South Africa should seize the current timely opportunity to amend its mining taxation in a manner that encourages foreign investment, stimulates prospecting, gets mining companies to start dealing with marginal mines and gives enough back to the fiscus for the benefit of this country’s people, KPMG corporate tax head Muhammad Saloojee pleaded on Tuesday.
“That’s the model we’ve got to start working on, bringing all those factors into account,” said Saloojee, who spoke to Creamer Media’s Mining Weekly Online on the sidelines of the 2015 Breakfast Conversation, which was staged as a prelude to the upcoming Junior Indaba, in Johannesburg, on June 3 and 4.
He pleaded for taxation thought leadership to be expounded widely ahead of the imminent publication of the first draft report of the Davis Committee on Tax.
“Now’s the time. We’re in a bust cycle now. It’s time for reason to prevail. Once we’re in a boom cycle, reason’s going to fly out the window.
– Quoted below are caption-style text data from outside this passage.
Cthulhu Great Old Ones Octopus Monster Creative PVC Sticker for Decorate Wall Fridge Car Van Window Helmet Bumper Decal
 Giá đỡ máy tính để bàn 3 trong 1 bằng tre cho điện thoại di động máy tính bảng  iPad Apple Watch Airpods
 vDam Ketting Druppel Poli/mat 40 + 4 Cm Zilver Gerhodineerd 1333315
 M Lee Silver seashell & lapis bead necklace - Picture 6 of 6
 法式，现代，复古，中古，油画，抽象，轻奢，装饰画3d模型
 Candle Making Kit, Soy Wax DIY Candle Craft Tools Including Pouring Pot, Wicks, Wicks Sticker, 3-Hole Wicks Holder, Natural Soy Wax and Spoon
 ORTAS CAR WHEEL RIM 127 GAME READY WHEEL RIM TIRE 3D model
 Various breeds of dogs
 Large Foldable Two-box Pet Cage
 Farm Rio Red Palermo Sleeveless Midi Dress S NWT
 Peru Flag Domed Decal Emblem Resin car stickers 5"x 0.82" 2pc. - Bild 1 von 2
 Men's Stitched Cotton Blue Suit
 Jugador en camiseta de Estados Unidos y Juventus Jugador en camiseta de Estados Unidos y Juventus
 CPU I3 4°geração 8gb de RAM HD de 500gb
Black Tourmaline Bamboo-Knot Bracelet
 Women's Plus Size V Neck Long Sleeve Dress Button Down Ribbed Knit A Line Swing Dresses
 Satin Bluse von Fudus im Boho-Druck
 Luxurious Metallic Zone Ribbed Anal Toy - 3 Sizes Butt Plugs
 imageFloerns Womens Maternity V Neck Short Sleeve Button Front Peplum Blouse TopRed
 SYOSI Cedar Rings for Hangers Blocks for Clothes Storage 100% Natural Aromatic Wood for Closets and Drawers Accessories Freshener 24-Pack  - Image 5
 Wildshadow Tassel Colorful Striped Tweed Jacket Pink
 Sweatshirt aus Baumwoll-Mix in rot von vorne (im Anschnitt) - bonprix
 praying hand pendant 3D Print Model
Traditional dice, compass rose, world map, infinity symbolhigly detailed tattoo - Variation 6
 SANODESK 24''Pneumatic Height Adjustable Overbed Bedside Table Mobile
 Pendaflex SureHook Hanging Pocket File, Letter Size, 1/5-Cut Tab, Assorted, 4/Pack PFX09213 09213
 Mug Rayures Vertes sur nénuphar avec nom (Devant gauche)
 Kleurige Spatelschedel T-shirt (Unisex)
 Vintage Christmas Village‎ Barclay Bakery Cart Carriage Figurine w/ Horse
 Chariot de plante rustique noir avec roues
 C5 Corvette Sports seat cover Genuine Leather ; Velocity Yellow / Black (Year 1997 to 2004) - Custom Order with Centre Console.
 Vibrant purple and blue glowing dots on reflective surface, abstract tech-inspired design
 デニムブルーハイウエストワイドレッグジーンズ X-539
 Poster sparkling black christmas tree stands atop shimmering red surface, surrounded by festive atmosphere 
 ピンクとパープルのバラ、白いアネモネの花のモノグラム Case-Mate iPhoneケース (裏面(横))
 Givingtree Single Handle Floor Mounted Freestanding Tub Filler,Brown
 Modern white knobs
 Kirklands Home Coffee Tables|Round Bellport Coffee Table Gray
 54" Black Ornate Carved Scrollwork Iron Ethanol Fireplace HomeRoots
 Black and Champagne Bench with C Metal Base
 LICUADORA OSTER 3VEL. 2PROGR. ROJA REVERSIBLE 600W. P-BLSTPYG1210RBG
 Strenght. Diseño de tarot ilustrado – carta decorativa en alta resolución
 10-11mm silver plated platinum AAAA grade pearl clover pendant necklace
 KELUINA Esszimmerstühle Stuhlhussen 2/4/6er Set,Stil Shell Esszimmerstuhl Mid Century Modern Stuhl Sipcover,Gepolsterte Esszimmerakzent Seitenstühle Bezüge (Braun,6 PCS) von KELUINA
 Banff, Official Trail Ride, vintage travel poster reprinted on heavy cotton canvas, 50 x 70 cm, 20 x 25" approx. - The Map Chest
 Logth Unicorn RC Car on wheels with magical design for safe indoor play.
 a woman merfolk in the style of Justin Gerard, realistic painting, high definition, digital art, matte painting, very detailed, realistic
Who knows when we’re going to get this opportunity again,” he said.
His comments followed those of Harmony Gold CFO Frank Abbott, who said during a lively question time session – chaired by mining luminary and host Bernard Swanepoel – that mine building had become a South African rarity.
“The problem is that it’s very, very high risk,” Abbott commented, adding that governments tended to be over exposed to mining successes but under exposed to mining failures.
Saloojee decried the lack of incentives for prospecting companies and complained that the situation had been purposefully worsened by an alarming amendment to the transfer pricing legislation, which became effective on January 1.
He warned that the far-reaching amendment was not only negatively impacting mining but also hitting everyone that had foreign funding from a related person.
This was because a 3% add back – which was previously free of any tax consequences – now had real tax implications after being deemed to be a dividend for transfer pricing purposes.
As a result, foreign-funded prospecting companies investing in exploration in South Africa were being confronted by real tax cash costs, which was not the case in the immediate past, following the conversion of secondary tax on companies (STC) to dividend withholding tax.
Under the STC regime, there was a deemed dividend but the obligation moved from the company to the shareholder under dividend withholding tax.
“But now all of a sudden they’ve brought this back in,” said Saloojee.
He advocated the embracing of Canada’s flow-through model to encourage prospecting and called for the quick removal of a number of anomalies, which he said could be done by tweaking the application of the existing legislation.
“You want people to be encouraged to put in prospecting ventures and removal of the anomalies could be done as quickly as the switch of a light,” he added.
Swanepoel reiterated that now was the time to converse about how the South African mining cake should be sliced and his contribution was not one sided as he drew attention to the potential to throw too many incentives in to the bargain, as was the case with the Cooke shaft in Randfontein, from which the government ended up getting no tax at all, even after 45 years of mining.
However, he suggested that some might still argue that, even though the Cooke shaft had not generated tax, it was net beneficial to the South African economy because of the number of jobs it created and because of the opportunities it provided for companies to supply goods and services.
Imara SP Reid research head Stephen Meintjies put forward a proposal to replace taxation with the collection of land and resource rentals, which is reinforced in his recently coauthored book entitled, Our Land, Our Rent, Our Jobs.
“Clearly, we’re at a crossroads when it comes to mining taxation and we need to use this opportunity to see what’s going to make the most sense,” Saloojee concluded.